When an office utilizes DentalXChange to process electronic claims and signs up to use the separate “real-time eligibility” feature from DentalXChange, the office has the ability to perform eligibility checks for a patient’s insurance plan.
Eligibility information is dependent on the insurance carrier's desire to provide information through DentalXChange, then into Denticon.
The real-time eligibility is a service offered by DentalXChange, and is a monthly fee regardless how many inquiries the office researches.
From the office’s DentalXChange account, the office is able to view the insurance carriers which support the feature on the "payer list" section of their website. Please note that the information provided through the real-time eligibility service is dependent solely on the carrier's willingness to provide the information. As a result, some carriers provide better and more comprehensive information than other carriers.
Some carriers provide eligibility information, others do not.
Neither DentalXChange nor Denticon is able to affect the amount of information the office is able to receive from the insurance carrier via this method.
In the Office Setup - number of days for eligibility can be defined when future appointments are reviewed for eligibility status automatically by DentalXchange.

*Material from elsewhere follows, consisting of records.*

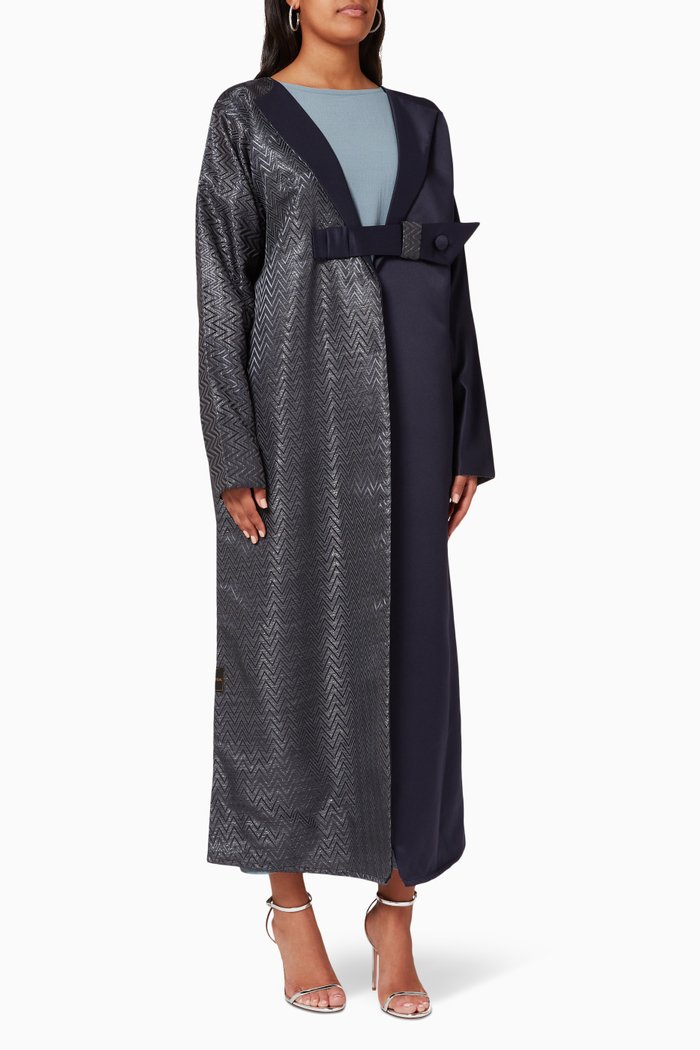 

Embellished Long Sleeve Abaya, Blue
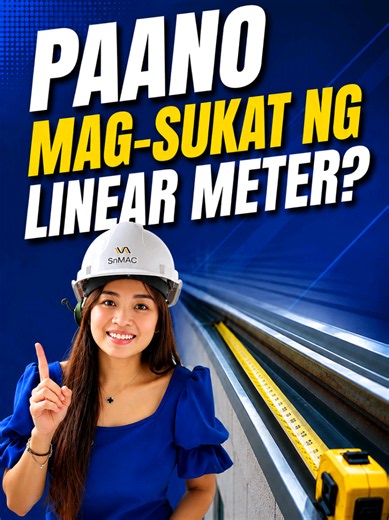 📏 ANO ANG LINEAR METER? Ang linear meter (LM) ay sukat ng haba lamang, hindi area. 👉 Halimbawa: Kung ang isang countertop ay 3 meters ang haba, iyon ay 3 linear meters, kahit gaano pa ito kalapad. Simple rule: Linear Meter = Length × 1 meter Kaya kapag nagko-compute ng materials na priced per LM, haba ang basehan, hindi sqm. 💡 Save this post for your next construction project! #linearmeter #construction #architectclaud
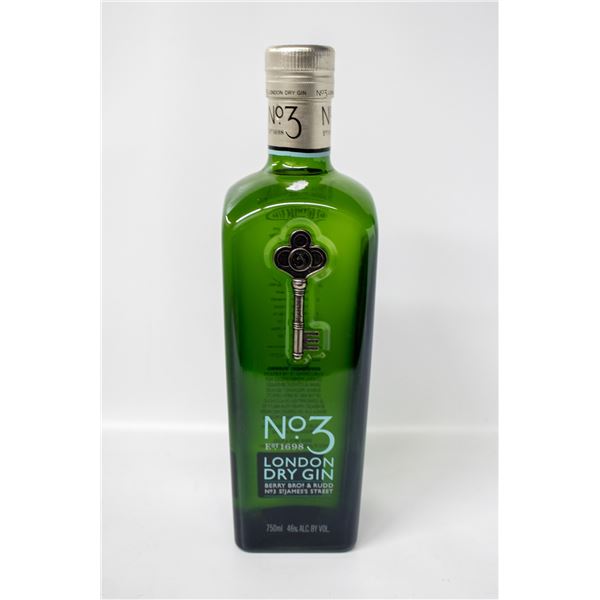 NO.3 LIONDON DRY GIN 750ML 46%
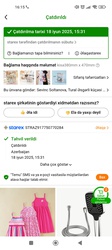 Mənim sifarişim çatdirilmayib amma temuda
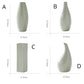 Classic White Ceramic Table Vase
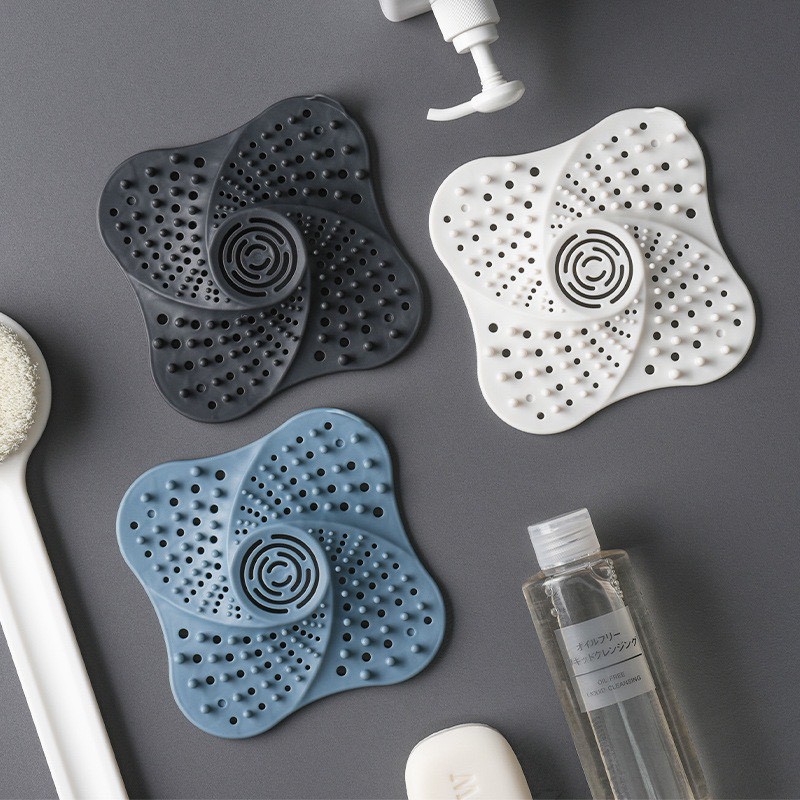 Combo 5 chiếc nắp cống silicon thông minh chặn rác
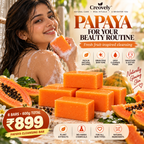 Creovely Papayelle™ Tropical Cleansing Bar — Papaya Extract Soap | Pack of 6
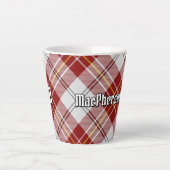 Clan MacPherson Rode Jurk Tartan Latte Mok (Voorkant)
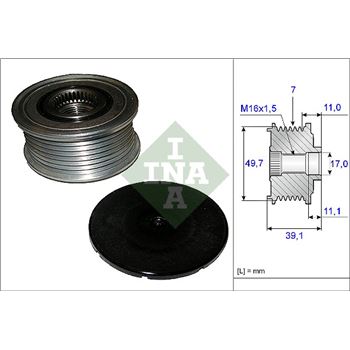 piezas sistema electrico - Rueda libre alternador INA 535 0084 10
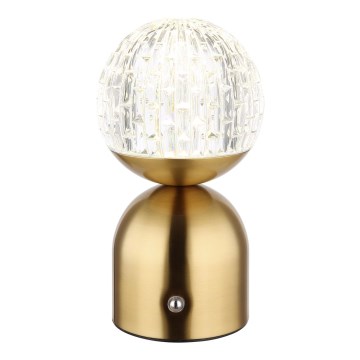 Globo - LED Ściemnialna dotykowa lampa stołowa LED/2,5W/3,7V 2700/4000/6500K 1800 mAh USB mosiądz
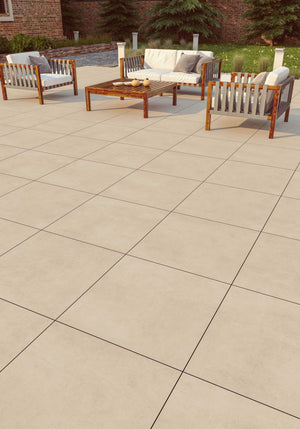 QUA Granite | Ark Ivory Mat Natuursteenlook 60x120 Vloertegel / Wandtegel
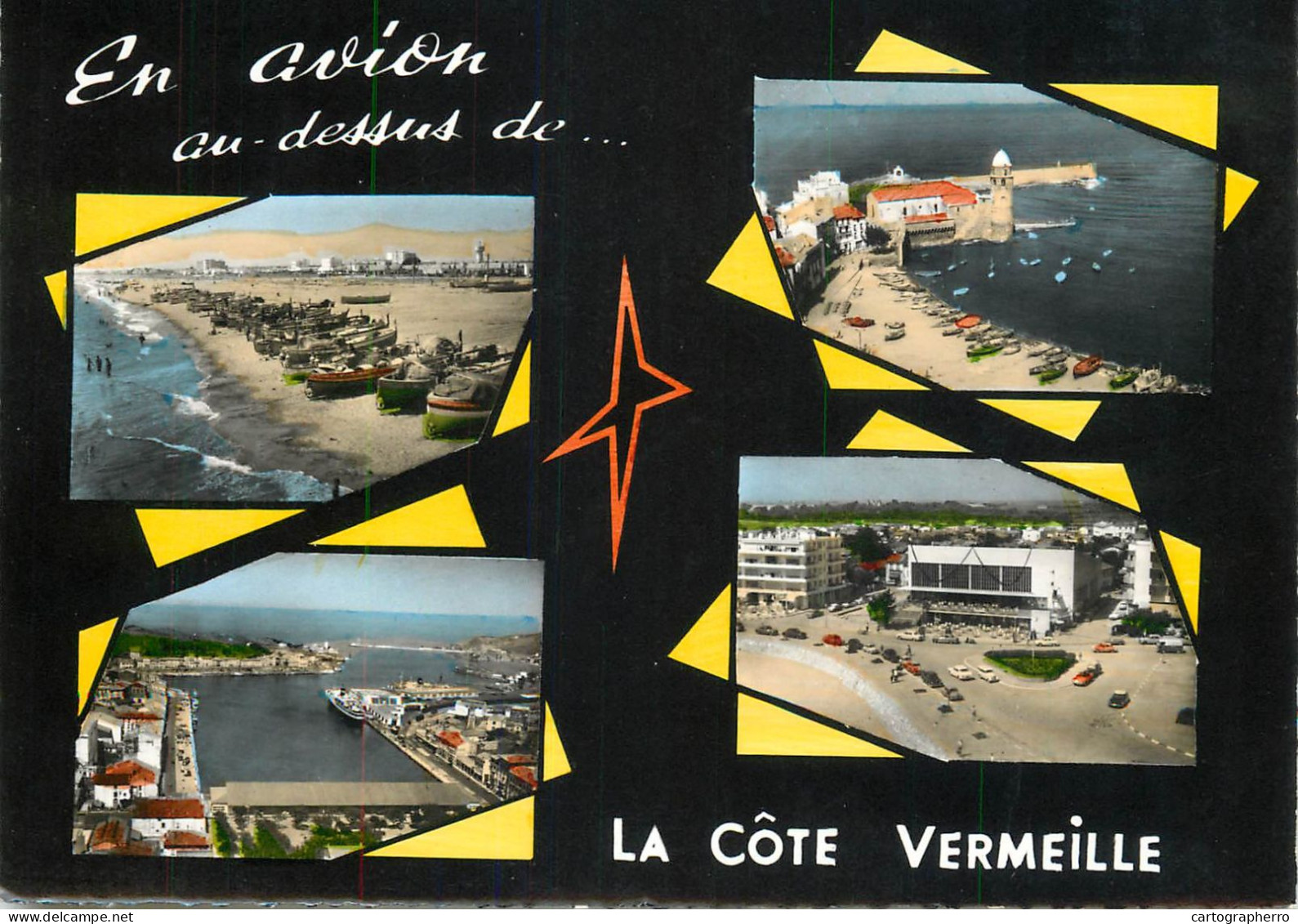 Navigation Sailing Vessels & Boats Themed Postcard La Cote Vermeille - Veleros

- Click Setup>Offices>Office Setup
- Select the Office
- Click the Advanced Tab
- Edit
- Save
The office may perform a manual RTE if they require the eligibility status instantly.
Note: The patient's eligibility status resets a month after the last real time eligibility request. The green P will disappear a month after the patient's last RTE was checked. Future appointments after the last RTE will indicate a different or current status as compared to a past appointment status for the same patient and same plan.